Overigens wordt aan een getuige die naar het (voorlopig) oordeel van de raad een bijdrage aan het ontstaan van een ongeval of incident heeft geleverd, wel het uitdrukkelijke recht gegeven zijn visie aan de raad te geven. Een dergelijke als «betrokkene» aangeduide getuige heeft het recht op zijn verzoek als getuige op een zitting van de raad te worden gehoord (artikel 51, zesde lid). Indien de raad geen zitting houdt, heeft een dergelijke betrokkene het recht schriftelijk commentaar te leveren (artikel 56, tweede lid).
Op het feit dat een betrokkene niet aan zijn eigen strafrechtelijke veroordeling behoeft mee te werken, moet hij ingevolge het Wetboek van Strafvordering in het kader van een strafrechtelijke procedure uitdrukkelijk worden geattendeerd. Op zijn verschoningsrecht in het kader van het onderzoek van de raad kan hij worden geattendeerd door de juridische raadsman, door wie hij zich ingevolge artikel 2:1 van de Algemene wet bestuursrecht kan laten bijstaan.
Kan de minister garanderen dat de geheimhoudingsplicht ex artikel 49 van het wetsvoorstel door buitenlandse fora gerespecteerd zal worden? Is de geheimhoudingsplicht ex artikel 49 van het wetsvoorstel ook van toepassing op de identieke, op het ongeval of incident betrekking hebbende stukken, die de als betrokkene opgeroepen getuige al eerder uit andere hoofde (dossiers bijvoorbeeld) in zijn bezit heeft gekregen of nog zal ontvangen? Mogen de op grond van artikel 49 van het wetsvoorstel door de als betrokkene opgeroepen getuige verkregen, op het ongeval of incident betrekking hebbende stukken, inhoudelijk identiek aan die welke al eerder in zijn bezit waren of later, na gebruikmaking van het aan hem in artikel 49 gegeven recht, uit andere hoofde (dossiers) ontvangen identieke stukken door hem niet in een civiele of strafrechtelijke danwel «buitenlandse» procedure worden gebruikt/overlegd? Geldt de geheimhoudingsplicht ex artikel 49 van het wetsvoorstel voor de als betrokkene opgeroepen getuige voor «altijd»? Met andere woorden, is die plicht niet aan enige tijdslimiet gebonden of komt die plicht op enig moment te vervallen en zo ja, op welk moment?

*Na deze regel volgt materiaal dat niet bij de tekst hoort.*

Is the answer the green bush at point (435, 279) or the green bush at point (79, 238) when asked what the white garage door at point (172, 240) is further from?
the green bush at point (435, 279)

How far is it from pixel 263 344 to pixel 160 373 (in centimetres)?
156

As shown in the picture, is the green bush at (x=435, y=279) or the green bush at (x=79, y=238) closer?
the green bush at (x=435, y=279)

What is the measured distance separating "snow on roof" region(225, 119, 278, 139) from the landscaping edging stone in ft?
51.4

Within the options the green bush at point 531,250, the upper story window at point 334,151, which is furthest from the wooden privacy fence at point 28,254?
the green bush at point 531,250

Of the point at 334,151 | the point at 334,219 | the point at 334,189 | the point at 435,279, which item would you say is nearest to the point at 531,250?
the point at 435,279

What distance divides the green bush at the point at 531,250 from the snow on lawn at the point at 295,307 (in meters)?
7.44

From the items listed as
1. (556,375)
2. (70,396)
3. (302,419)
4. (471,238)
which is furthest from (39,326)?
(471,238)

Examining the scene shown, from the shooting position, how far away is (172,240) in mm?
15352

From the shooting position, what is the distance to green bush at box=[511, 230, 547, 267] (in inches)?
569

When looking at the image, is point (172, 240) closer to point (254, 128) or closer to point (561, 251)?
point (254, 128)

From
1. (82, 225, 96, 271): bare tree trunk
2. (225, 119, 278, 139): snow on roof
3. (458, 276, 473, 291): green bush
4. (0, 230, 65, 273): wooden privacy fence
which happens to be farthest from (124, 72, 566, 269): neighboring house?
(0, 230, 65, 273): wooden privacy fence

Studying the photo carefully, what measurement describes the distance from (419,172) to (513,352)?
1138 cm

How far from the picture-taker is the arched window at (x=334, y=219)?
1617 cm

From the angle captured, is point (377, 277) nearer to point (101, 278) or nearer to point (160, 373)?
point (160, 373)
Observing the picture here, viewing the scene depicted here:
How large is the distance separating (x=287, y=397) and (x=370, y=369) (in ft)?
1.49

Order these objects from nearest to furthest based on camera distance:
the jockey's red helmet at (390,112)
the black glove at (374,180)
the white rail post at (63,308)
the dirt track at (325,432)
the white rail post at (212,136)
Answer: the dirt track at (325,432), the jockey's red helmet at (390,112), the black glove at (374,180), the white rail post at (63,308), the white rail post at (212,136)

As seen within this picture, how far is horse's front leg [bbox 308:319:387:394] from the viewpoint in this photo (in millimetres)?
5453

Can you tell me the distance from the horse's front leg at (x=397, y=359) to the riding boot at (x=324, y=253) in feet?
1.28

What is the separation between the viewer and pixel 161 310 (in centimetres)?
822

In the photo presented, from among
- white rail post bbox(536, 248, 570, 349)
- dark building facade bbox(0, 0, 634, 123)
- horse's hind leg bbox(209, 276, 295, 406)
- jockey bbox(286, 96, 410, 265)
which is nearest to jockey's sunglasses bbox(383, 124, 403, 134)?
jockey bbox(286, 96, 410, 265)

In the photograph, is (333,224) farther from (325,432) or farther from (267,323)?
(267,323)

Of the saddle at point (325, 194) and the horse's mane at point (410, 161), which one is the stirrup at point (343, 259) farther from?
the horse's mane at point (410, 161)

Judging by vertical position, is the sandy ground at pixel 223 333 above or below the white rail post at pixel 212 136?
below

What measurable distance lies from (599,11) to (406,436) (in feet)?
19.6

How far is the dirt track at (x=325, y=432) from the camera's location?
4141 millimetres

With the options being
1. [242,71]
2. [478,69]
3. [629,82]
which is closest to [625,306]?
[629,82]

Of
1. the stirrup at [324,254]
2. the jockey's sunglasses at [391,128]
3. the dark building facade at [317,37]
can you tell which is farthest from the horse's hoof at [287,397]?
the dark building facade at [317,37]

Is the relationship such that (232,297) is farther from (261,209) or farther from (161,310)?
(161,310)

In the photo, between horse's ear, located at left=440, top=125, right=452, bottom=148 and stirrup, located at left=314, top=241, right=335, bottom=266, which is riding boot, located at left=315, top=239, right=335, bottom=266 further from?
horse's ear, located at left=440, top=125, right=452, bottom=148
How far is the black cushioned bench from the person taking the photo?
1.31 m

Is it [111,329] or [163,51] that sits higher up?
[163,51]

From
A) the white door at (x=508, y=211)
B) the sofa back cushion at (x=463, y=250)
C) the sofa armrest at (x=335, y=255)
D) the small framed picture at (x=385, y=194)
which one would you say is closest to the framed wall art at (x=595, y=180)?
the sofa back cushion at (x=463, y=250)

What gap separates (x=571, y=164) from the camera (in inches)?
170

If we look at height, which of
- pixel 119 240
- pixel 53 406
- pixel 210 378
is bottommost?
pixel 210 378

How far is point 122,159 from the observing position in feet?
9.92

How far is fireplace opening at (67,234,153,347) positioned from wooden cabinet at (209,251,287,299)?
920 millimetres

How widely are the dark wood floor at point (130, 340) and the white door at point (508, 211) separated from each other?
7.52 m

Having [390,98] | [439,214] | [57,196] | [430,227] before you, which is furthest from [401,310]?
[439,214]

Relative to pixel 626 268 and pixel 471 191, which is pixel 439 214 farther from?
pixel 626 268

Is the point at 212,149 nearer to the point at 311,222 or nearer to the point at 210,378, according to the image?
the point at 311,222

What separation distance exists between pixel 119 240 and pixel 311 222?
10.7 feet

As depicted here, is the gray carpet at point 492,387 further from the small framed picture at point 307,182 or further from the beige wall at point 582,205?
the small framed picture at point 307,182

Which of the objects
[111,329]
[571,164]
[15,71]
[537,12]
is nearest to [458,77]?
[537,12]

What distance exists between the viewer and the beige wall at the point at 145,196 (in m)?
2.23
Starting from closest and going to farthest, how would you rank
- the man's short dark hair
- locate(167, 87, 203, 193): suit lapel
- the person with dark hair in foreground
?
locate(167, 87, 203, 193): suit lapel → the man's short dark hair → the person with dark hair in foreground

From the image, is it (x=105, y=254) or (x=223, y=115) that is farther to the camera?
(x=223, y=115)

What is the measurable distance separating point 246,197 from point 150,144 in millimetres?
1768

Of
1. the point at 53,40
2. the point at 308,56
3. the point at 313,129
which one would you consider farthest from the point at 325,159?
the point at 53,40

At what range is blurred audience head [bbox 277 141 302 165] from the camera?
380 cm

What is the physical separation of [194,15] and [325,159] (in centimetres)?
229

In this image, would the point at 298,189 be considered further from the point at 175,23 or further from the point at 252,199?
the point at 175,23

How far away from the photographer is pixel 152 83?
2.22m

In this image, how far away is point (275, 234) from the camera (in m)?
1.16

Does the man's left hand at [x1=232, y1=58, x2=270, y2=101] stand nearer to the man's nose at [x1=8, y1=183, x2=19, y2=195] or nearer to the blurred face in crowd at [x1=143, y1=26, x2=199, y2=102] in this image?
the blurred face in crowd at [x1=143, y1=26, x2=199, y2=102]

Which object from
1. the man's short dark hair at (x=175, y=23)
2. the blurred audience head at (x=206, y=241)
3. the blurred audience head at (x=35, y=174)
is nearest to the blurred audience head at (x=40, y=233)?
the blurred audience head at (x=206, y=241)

Een garantie dat de geheimhoudingsplicht ex artikel 49 door buitenlandse fora gerespecteerd zal worden, is niet te geven. Hiertoe zouden internationaal afspraken moeten worden gemaakt. Ik verwacht op dit punt echter geen problemen. Artikel 49 van het wetsvoorstel is ontleend aan artikel 21, tweede lid, van de Luchtvaartongevallenwet. De toepassing van dit artikel heeft, voor zover mij bekend, tot dusver niet geleid tot problemen bij buitenlandse fora.

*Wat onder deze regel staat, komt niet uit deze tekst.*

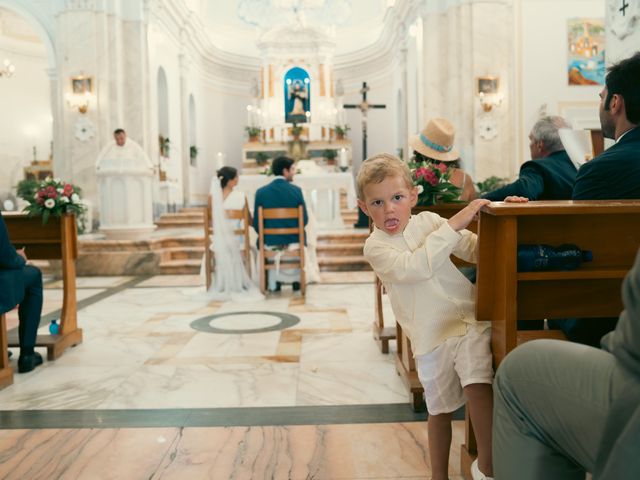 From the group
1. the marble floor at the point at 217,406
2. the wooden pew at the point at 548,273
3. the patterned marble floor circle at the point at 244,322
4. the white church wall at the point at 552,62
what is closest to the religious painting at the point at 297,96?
the white church wall at the point at 552,62

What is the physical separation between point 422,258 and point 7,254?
248cm

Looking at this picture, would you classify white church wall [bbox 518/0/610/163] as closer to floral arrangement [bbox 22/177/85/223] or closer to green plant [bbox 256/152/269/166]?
green plant [bbox 256/152/269/166]

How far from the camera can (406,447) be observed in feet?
Answer: 8.10

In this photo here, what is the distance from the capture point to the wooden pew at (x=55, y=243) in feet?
13.7

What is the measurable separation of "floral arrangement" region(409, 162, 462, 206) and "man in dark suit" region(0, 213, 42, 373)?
7.53 feet

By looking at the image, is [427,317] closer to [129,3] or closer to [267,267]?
[267,267]

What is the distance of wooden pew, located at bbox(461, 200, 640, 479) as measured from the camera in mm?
1863

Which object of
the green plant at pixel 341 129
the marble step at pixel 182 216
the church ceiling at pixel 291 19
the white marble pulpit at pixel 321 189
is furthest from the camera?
the church ceiling at pixel 291 19

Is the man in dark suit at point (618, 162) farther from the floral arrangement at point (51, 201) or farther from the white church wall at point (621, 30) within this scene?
the floral arrangement at point (51, 201)

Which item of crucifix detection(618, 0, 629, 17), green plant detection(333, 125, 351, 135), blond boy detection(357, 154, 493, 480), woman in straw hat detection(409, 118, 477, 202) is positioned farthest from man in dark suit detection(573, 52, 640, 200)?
green plant detection(333, 125, 351, 135)

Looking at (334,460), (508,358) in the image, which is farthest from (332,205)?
(508,358)

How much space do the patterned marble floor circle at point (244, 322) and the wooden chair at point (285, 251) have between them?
0.99 metres

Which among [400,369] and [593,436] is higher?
[593,436]

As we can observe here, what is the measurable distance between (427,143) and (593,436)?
9.20 feet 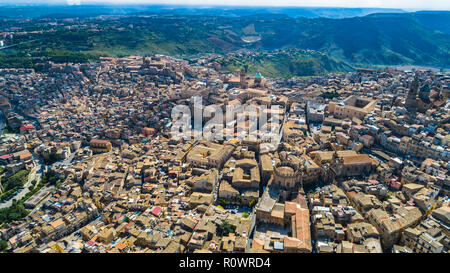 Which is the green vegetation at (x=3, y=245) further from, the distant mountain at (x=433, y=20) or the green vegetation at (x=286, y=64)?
the distant mountain at (x=433, y=20)

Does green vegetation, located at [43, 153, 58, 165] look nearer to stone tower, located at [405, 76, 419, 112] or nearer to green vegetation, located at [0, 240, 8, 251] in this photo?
green vegetation, located at [0, 240, 8, 251]

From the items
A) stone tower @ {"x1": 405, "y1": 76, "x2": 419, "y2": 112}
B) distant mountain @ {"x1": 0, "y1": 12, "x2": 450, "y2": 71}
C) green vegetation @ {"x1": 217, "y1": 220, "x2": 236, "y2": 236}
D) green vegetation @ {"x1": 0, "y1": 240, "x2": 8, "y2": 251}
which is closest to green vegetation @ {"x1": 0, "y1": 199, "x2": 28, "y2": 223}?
green vegetation @ {"x1": 0, "y1": 240, "x2": 8, "y2": 251}

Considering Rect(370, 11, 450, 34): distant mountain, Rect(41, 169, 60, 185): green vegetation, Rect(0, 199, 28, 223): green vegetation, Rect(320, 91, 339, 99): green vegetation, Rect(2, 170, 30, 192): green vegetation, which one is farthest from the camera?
Rect(370, 11, 450, 34): distant mountain

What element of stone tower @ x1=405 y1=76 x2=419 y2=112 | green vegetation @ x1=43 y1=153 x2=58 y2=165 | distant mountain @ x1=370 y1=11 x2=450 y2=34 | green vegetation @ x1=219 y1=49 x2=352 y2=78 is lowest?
green vegetation @ x1=43 y1=153 x2=58 y2=165

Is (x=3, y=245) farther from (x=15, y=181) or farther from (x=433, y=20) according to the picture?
(x=433, y=20)

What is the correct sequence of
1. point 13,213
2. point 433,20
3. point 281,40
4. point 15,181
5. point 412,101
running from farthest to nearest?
point 433,20
point 281,40
point 412,101
point 15,181
point 13,213

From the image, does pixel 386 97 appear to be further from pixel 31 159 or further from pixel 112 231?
pixel 31 159

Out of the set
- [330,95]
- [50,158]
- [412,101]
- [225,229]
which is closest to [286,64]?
[330,95]

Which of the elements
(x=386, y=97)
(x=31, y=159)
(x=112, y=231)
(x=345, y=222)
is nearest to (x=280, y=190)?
(x=345, y=222) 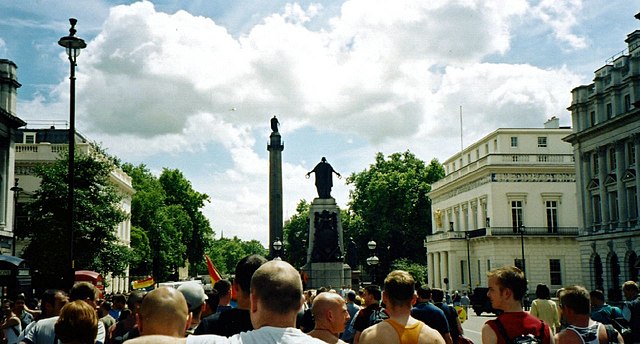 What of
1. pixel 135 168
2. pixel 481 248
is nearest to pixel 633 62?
pixel 481 248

Artikel 49 is slechts van toepassing op stukken die betrokkenen krachtens dit artikel inzien. Mocht het geval zich voordoen dat een betrokkene langs andere weg een stuk in handen heeft gekregen dat identiek is aan een stuk dat hij ingevolge artikel 49 heeft ingezien, dan is op eerstbedoeld stuk het daarvoor geldende regime van toepassing.

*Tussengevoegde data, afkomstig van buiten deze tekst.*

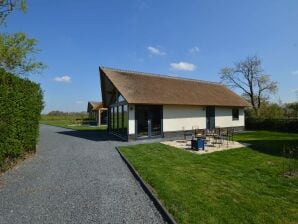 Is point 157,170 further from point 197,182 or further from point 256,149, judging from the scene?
point 256,149

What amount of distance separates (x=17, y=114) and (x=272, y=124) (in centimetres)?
2369

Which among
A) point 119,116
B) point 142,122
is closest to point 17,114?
point 142,122

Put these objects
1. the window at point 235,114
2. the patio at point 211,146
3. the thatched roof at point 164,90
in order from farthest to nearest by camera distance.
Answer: the window at point 235,114 < the thatched roof at point 164,90 < the patio at point 211,146

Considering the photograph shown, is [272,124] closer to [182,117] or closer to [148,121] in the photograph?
[182,117]

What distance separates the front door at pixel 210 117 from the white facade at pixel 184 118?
45 centimetres

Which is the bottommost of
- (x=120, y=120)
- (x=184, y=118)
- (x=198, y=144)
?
(x=198, y=144)

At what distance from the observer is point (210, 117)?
66.4ft

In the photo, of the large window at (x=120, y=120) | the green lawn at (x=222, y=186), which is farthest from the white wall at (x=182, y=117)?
the green lawn at (x=222, y=186)

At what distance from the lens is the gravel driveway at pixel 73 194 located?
180 inches

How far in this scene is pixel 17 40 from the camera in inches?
679

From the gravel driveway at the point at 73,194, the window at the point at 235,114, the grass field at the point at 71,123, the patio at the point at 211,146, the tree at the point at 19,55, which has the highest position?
the tree at the point at 19,55

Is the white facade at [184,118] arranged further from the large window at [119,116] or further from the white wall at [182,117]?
the large window at [119,116]

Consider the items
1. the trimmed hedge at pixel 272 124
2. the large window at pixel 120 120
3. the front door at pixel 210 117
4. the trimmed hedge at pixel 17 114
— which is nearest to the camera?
the trimmed hedge at pixel 17 114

Artikel 49 bindt de daar geregelde geheimhoudingsplicht niet aan een termijn.
Kan worden aangegeven, wanneer, en in welke fase van het onderzoek, een getuige als betrokkene wordt aangemerkt? Hoe wordt dit – de kwalificatie getuige/betrokkene – aan de betreffende persoon, in of buiten Nederland verblijvend, kenbaar gemaakt?
Blijkens artikel 1, eerste lid onder s, is een betrokkene een natuurlijke persoon, rechtspersoon of bestuursorgaan wiens handelen of nalaten blijkens het voorlopig oordeel van de raad heeft bijgedragen tot het ontstaan van het ongeval of incident, dan wel een nabestaande van een natuurlijke persoon als hiervoor bedoeld. Ingevolge artikel 48, tweede lid, wordt aan betrokkenen schriftelijk mededeling gedaan van plaats, dag en uur van een zitting van de raad. Houdt de raad geen zitting, dan zendt de kamer, die het ongeval of incident heeft onderzocht, zijn rapport, ingevolge artikel 56, tweede lid, aan de betrokkenen die dan het recht hebben commentaar te leveren. Uit deze acties wordt het voor een getuige duidelijk dat hij als betrokkene wordt aangemerkt.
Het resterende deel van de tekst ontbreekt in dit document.